I was hit this week. I just found two iMacs had been "inventoried" overnight. One was removed and one had IT monitoring software installed. This is the email I just sent the IT Director (cc to my Chair, the Dean, and the Speaker of the Faculty Senate):
Dear Mr. Kissee,
I am a faculty member in the Dental School. This week, I was left notes informing me of a visitation by IT minions telling me that one of my research group iMac computers was removed and another had monitoring software installed. Sir, I write this email to inform you that this behavior is inappropriate and in violation of System policy and NIH rules regarding stewardship of research data collected with federal funding. You see, these computers, purchased with NIH grant funds, contain confidential research data for which I am responsible. If IT determines that there are issues such as OS version or network security concerns, the appropriate action is to contact me, as the principle investigator, and I will work with my IT colleagues to ensure compliance of my systems.
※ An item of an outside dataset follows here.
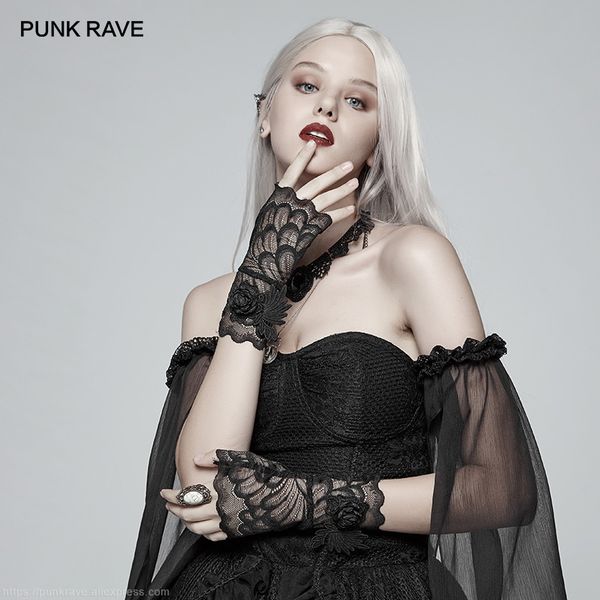 punk rave women' victorian gothic lolita black lace floral fingerless gloves prom halloween party club gloves women 1 pair, Blue;gray
punk rave women' victorian gothic lolita black lace floral fingerless gloves prom halloween party club gloves women 1 pair, Blue;gray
Needless to say, the removed computer must be returned immediately.
IT personnel letting themselves into our offices and laboratories after hours has been a wide spread problem recently, and it is unacceptable. To combat this behavior, I will be installing firmware passwords on all my work group computers so that it will be difficult to impossible for anyone but me, the sole person with administrative access, to manipulate them. If attempts to modify or confiscate my computers continue, I will buy laptops for my research group and store them in a padlocked box in a hidden location at the close of business each day. This should inhibit IT ninja strike teams from future clandestine operations.
TL;DR: do not touch my research equipment.
The Faculty across the entire University is up in arms over this, and the Senate is taking it to the Provost. Not only is this BS in violation of research data retention policies and federal regulations, many of the stolen computers also have student grades and course information and/or protected health information of patients on IRB-approved clinical studies. That means these bozos are in violation of FERPA and HIPAA. They are also breaking OSEH and IBC regulations when they enter research laboratories to take "aging computers". Some of these spaces have elevated biosafety designations.
I hope one of them goes into a lab and gets radioactive material on something and takes it back to the IT department so that the University gets cited and put on probation by the NRC.
Excuse me now. I have to go up to the 5th floor and collect my iMac.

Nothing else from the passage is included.